Will IFAs be ready in time for the RDR? Do they even want to be? I ask these questions after reading a fascinating article by Martin Bamford in Money Marketing, in which he asks whether thousands of IFAs will run out of time to meet the January 2013 deadline.
He warns that IFAs are in danger of not making it because they are unprepared for the work involved. He points out the FSA has started giving accredited status to professional bodies, allowing them to provide statements of professional standing to financial advisers.
This supposedly gives consumers the reassurance they need that their adviser subscribes to a code of ethics, is properly qualified and has kept their knowledge up to date, by means of agreed annual CPD activities.
Unfortunately, things are not so easy, Martin suggests: “I can envisage a scenario where lots of advisers leave their applications until the last minute, which could cause problems when they discover their gap-filling is not up to scratch.”
An even more worrying scenario could unfold in terms of how IFAs prepare to implement key aspects of the RDR in so far as pricing is concerned.
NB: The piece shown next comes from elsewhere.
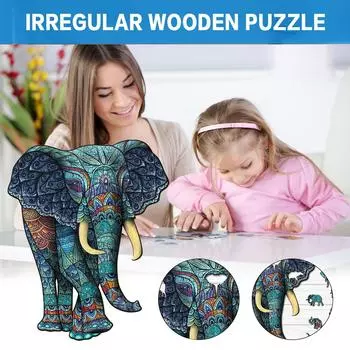 Ramidos Elephant Tribal Деревянный пазл уникальной формы для взрослых и детей 125 шт. One Size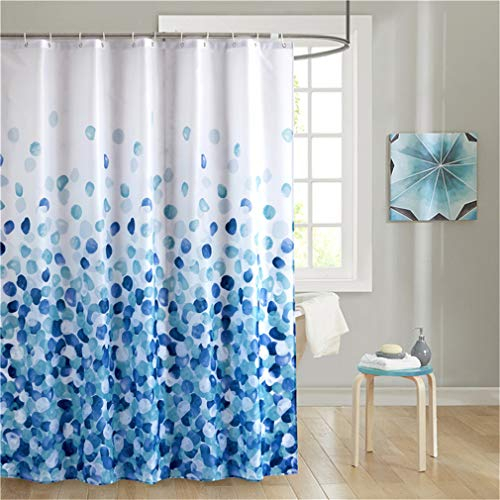 Xlabor Blumen Dick Duschvorhang 240x200cm Wasserdicht Stoff Anti-Schimmel inkl. 12 Duschvorhangringe Waschbar Badewannevorhang 240x200cm blau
The reality is That things will be a lot harder than advisers imagine.
There are two problems with this approach. The first is that while adviser-charging linked to the implementation of a product purchase decision by a client may seem relatively similar to the current practice of commission payment for the same service, in practice, it is not.
Consumers will expect far greater transparency and while they might have been reasonably happy until now to allow an adviser to charge for his or her services by means of commission, they are unlikely to do so in the future.
Given the above, IFAs need to work out a sensible business strategy that is properly road-tested to iron out any last-minute wrinkles, so there are no nasty surprises in just over a year’s time.
Martin argues: “It takes time to create, test and refine a compelling proposition. This is not something that can happen overnight. It is probably not something that can happen in the space of a few months.”
Essentially, the central proposition of his argument is that IFAs need to buck their ideas up if they want to be ready for 2013.
But what if they don’t, or could hardly care less? What if a sizeable proportion genuinely believe they can just blag their clients?
Increasingly, I suspect that to be the strategy of many advisers.
Some IFAs may hope they have a window of at least 12 months, possibly even a couple of years, before the penny drops with consumers about some of the key aspects of the RDR.
If that is the case, this group of advisers will be thinking, why bother, when there is plenty of time left before any harsh realities have to be confronted? Some of those realities may never need to be confronted at all.
After all, if you are one of the group of late 50-somethings, you may not bother sticking around long enough for your client bank to desert you – and that’s assuming they were likely to in the first place. Under such a scenario, all they need is a couple of years more, give or take, making money off their clients and they are home and dry.
I suspect they may have a point – a hang-on-by-your-fingertips strategy is just as potentially viable as Martin’s one.
My gut feeling is it will take a lot longer than he assumes before consumers genuinely take on board some of the key arguments about what the RDR means to them. Unless, of course, both the FSA and the consumer press do not let up from day one of the new regime.
Which is why, if I were the regulator, I would be willing to spend many millions of pounds informing the public about the RDR, what its potential effect and advantages could be and the kind of questions that clients need to think about asking their advisers.
If I were a journalist on a national paper, I would be telling my readers in immense detail about the changes and demanding that IFAs come clean about the way they charge and what kind of service they will offer their clients in future for the money they receive.
In that respect, the battle after 2012 will be between boring people to death and overkill against inertia and the status quo.
I would love to think that even though some advisers will slip through the cracks and bamboozle their clients for years, the majority will not be able to get away with it.
My worry is I might be wrong and that even after 2013 life for many IFAs will be a case of business as usual.
IFAs like Martin, who believe in better ways of delivering advice, need to club together to make sure it does not.